Anyone who’s ever tried their hand at reverse engineering a piece of hardware has wished there was some kind of magic wand you could tap on a PCB to understand what its doing and why. We imagine that’s what put security researcher [Mark C] on the path to developing CurrentSense-TinyML, a fascinating proof of concept that uses machine learning and sensitive current measurements to try and determine what a microcontroller is up to.
The idea is simple enough: just place a INA219 current sensor between the power supply and the microcontroller under observation, and record the resulting measurements as it goes about its business. Of course in this case, [Mark] knew what the target Arduino Nano was doing because he wrote the code that blinks its onboard LED.
This allowed him to create training data for TensorFlow, which was ultimately optimized into a model that could fit onto the Arduino Nano 33 BLE Sense which stands in for our magic wand. The end result is that the model can accurately predict when the Nano has fired up its LED based on the amount of power it’s using. [Mark] has done a fantastic job of documenting the whole process, which also doubles as a great intro for putting machine learning to work on a microcontroller.

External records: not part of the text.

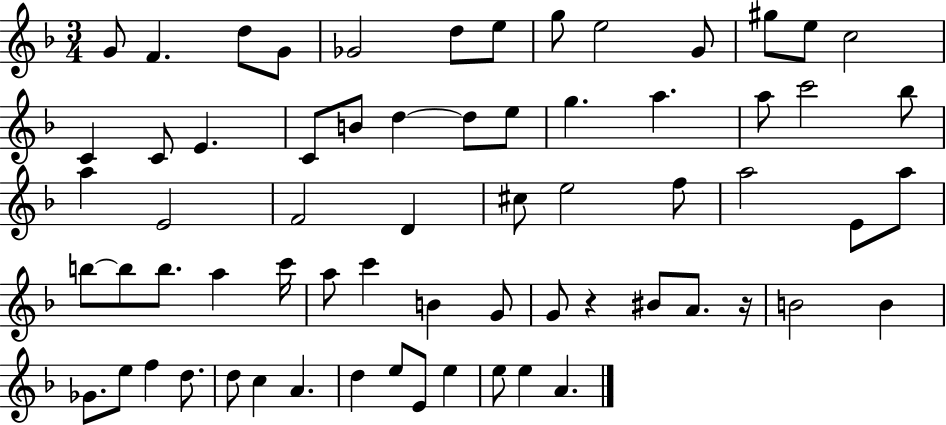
{
  \clef treble
  \numericTimeSignature
  \time 3/4
  \key f \major
  g'8 f'4. d''8 g'8 | ges'2 d''8 e''8 | g''8 e''2 g'8 | gis''8 e''8 c''2 | \break c'4 c'8 e'4. | c'8 b'8 d''4~~ d''8 e''8 | g''4. a''4. | a''8 c'''2 bes''8 | \break a''4 e'2 | f'2 d'4 | cis''8 e''2 f''8 | a''2 e'8 a''8 | \break b''8~~ b''8 b''8. a''4 c'''16 | a''8 c'''4 b'4 g'8 | g'8 r4 bis'8 a'8. r16 | b'2 b'4 | \break ges'8. e''8 f''4 d''8. | d''8 c''4 a'4. | d''4 e''8 e'8 e''4 | e''8 e''4 a'4. | \break \bar "|."
}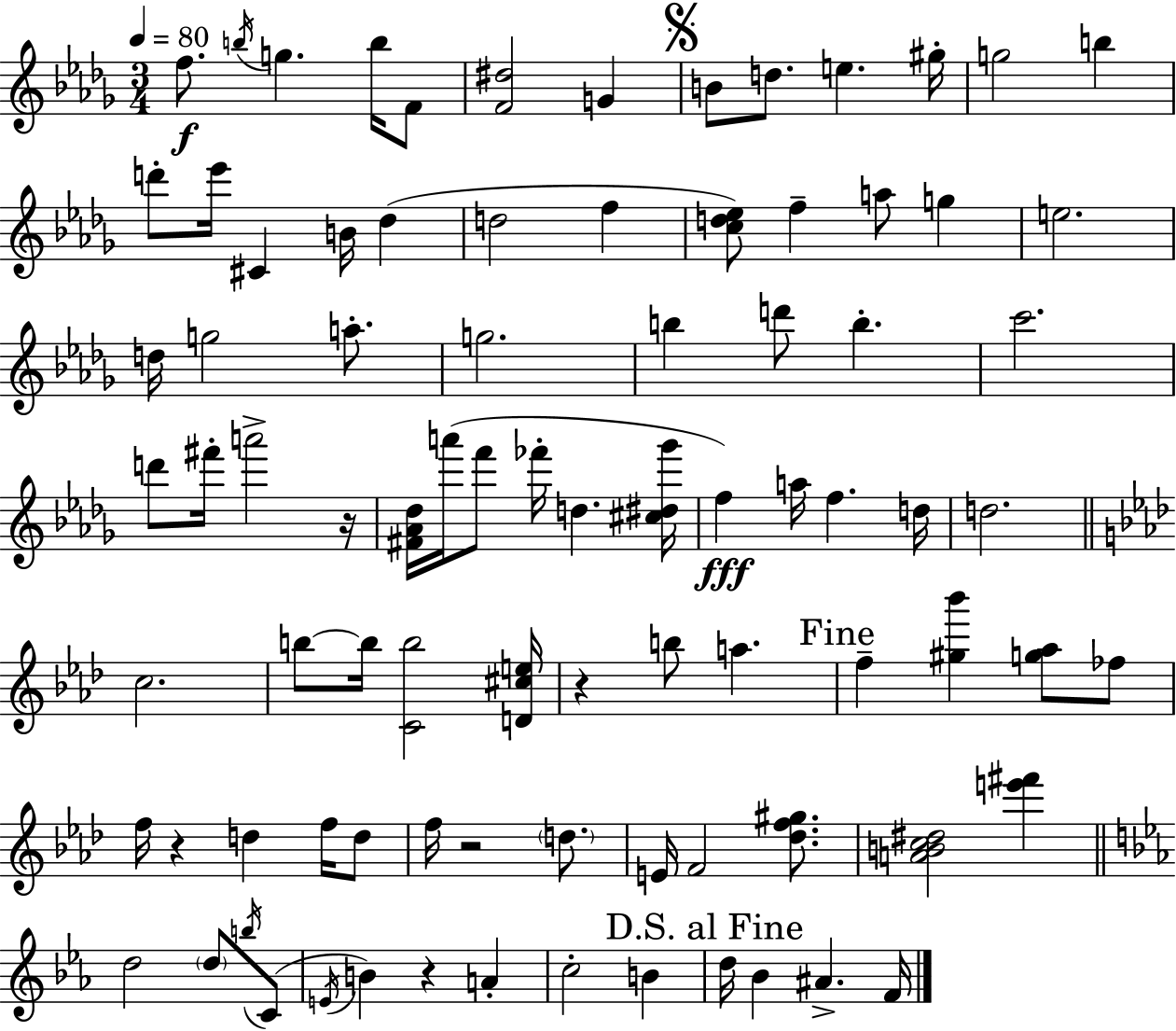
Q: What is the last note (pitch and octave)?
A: F4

Now we already know what you’re thinking: obviously the current would go up when the LED was lit, so the machine learning aspect is completely unnecessary. That may be true in this limited context, but remember, this is just a proof of concept to base further work on. In the future, with more training data, this technique could potentially be used to identify a whole range of nuanced activities. You’d be able to see when the MCU was sitting idle, when it was writing to flash, or when it was reading from sensors. In fact, with a good enough model, it might even be possible to identify the individual sensors that are being polled.
These are early days, but we’re very interested in seeing where this research goes. It might not be magic, but if analyzing the current draw of a coffee maker can tell you how much everyone in the office is drinking, then maybe it can help us figure out what all these unlabeled ICs are doing.